Faced with $225,000 in higher-than-anticipated costs since moving to a new collection system in February, city staff recommended Victoria raise garbage fees by $6 in 2014 and follow the lead of other municipalities by having residents wheel their garbage and kitchen scraps bins to the curb.

During a committee meeting two weeks ago, council decided in a 5-4 vote to retain backyard pickup at an extra cost of $20 per household next year. But at a council meeting last week —when Fortin out of town — the matter was deadlocked at 4-4. Council kicked the issue back to committee for more discussion and another vote.

Joining Fortin Thursday voting in favour of retaining the existing system were councillors Shellie Gudgeon, Ben Isitt, Marianne Alto and Pam Madoff. Councillors Lisa Helps, Charlayne Thornton-Joe, Geoff Young and Chris Coleman were against.

Fortin acknowledged that when the city polled residents in 2011, the largest number — 48 per cent — opted for curbside pickup. But, he said, a general citizen survey found 91 per cent of citizens were satisfied or very satisfied with the new system. When asked whether they preferred service cuts or increased taxes, 60 per cent chose tax increases. “So that is where I’m voting, recognizing that the input from our citizens has changed,” Fortin said.

The $20 increase, equivalent to a property tax increase of about one per cent on the average single-family home, raises annual rates to $183 for an 80-litre bin, $203 for a 120-litre bin and $224 for a 180-litre bin.

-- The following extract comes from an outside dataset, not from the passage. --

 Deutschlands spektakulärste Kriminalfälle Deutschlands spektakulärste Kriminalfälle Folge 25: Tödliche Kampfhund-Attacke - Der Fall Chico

Helps said the more recent citizen survey represented a random broad sampling of views and was perhaps not as telling as the survey specifically on garbage. She also noted the annual Vitals Signs report says the No. 1 concern for residents in this region is the cost of living.

Further, she said, a staff report detailing procedures for closed gates shows that only 40 per cent of bins are being picked up in backyards. Thirty per cent are in the side yard; 29 per cent in the front yard and one per cent at the curb.

“So it’s a misnomer that we’re doing backyard pickup. Sixty per cent of the bins are not picked up from the backyard. So we’re not moving from backyard pickup to curbside. We’re moving from a hybrid of pickups to curbside,” Helps said. “I think it’s more clear for our workers who do the good work, more clear for residents, more clear for everybody.”

While several councillors were loath to characterize the service-delivery debate as a labour/management issue, most endorsed a motion put forward by Helps confirming garbage and food scrap collection as a public service to be provided to residents by City of Victoria workers. Only Young and Gudgeon voted against.

Helps acknowledged that the motion was almost symbolic. “But I think there is an unnecessary heightened amount of fear in certain places in the organization that the move toward discussions of garbage or move toward anything else are moves toward privatization.”

Young said supporting the motion would only reinforce the idea in some people’s minds that the issue was about union relations, not service delivery.

Gudgeon said she found it disturbing that union/management relations had entered the debate.

“This was not a union decision that I made [for backyard pickup]. This would be no matter who was doing the service.”